In PKCS1 v2.1 the OAEP output is prepending with a null byte. Quoting RFC3447,

  i. Concatenate a single octet with hexadecimal value 0x00,
length k octets as



In PKCS1 v2.0 (as defined in RFC2437):

   11. Let EM = maskedSeed || maskedDB.


So in PKCS1 v2.1 you prepend a null byte and in PKCS1 v2.0 you don't. What technical difference does that change (and possibly others) create between the two versions of the standard?

• I do not know why that editorial change was made (hence I can't answer), but it does not change the value that is ultimately passed to the RSA exponentiation primitive: notice that zeroes on the left of a bytestring converted to integer by big-endian convention (as in PKCS#1) do not change the resulting number. – fgrieu Sep 16 '16 at 17:43
• It was explained in the previous rfc - tools.ietf.org/html/rfc2313#section-8.1 : The leading 00 octet ensures that the encryption block, converted to an integer, is less than the modulus.. I agree the question should be reopened. – kludg Sep 17 '16 at 9:36
• @kludg A leading zero octet doesn't automatically make the encoded integer less than the modulus. The important change was actually from Let dbMask = MGF(seed, emLen-hLen) to Let dbMask = MGF(seed, k - hLen - 1) – Artjom B. Sep 17 '16 at 10:16
• The leading 00 does not change the value of the encoded integer. If after adding the 00, the byte-string remains with no more bits than in the modulus, then the encoded integer is less than the modulus.
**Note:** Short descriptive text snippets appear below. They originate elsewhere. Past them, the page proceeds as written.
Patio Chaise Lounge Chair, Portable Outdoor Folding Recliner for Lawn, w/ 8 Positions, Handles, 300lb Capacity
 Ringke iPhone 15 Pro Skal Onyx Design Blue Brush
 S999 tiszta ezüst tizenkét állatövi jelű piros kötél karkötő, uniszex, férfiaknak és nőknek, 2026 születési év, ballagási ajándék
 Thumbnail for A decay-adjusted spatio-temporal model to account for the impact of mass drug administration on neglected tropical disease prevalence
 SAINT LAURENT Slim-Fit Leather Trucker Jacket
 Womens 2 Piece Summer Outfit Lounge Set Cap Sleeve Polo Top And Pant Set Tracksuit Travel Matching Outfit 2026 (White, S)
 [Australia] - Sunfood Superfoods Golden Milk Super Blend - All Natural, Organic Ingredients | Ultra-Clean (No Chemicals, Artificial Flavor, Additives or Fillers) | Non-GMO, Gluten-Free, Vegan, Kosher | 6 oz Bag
In my opinion, what maters to the question (and what I do not rule out) is if other changes (like definition of dbMask, or the length change caused by the leading 00) modify the value of the encoded integer between the two RFCs (assuming identical random to form the encoded integers). – fgrieu Sep 18 '16 at 6:26
• @ArtjomB: that's not really a change; emlen in 2.0 is computed as k -- 1, so 2.0 makes both db and dbmask and thus maskeddb length k-1-hlen while 2.1 makes them k-hlen-1. +@fgrieu: And seed, seedmask, maskedseed are all hlen, so the total is k-1 (whitened and probably nonzero) octets in 2.0, or k octets with the first zero in 2.1 -- no difference after OS2I. – dave_thompson_085 Sep 18 '16 at 10:46

The answer is relatively simple, but I'll expand on the details of the changes from PKCS#1 2.0 to 2.1 in two additional sections below this answer.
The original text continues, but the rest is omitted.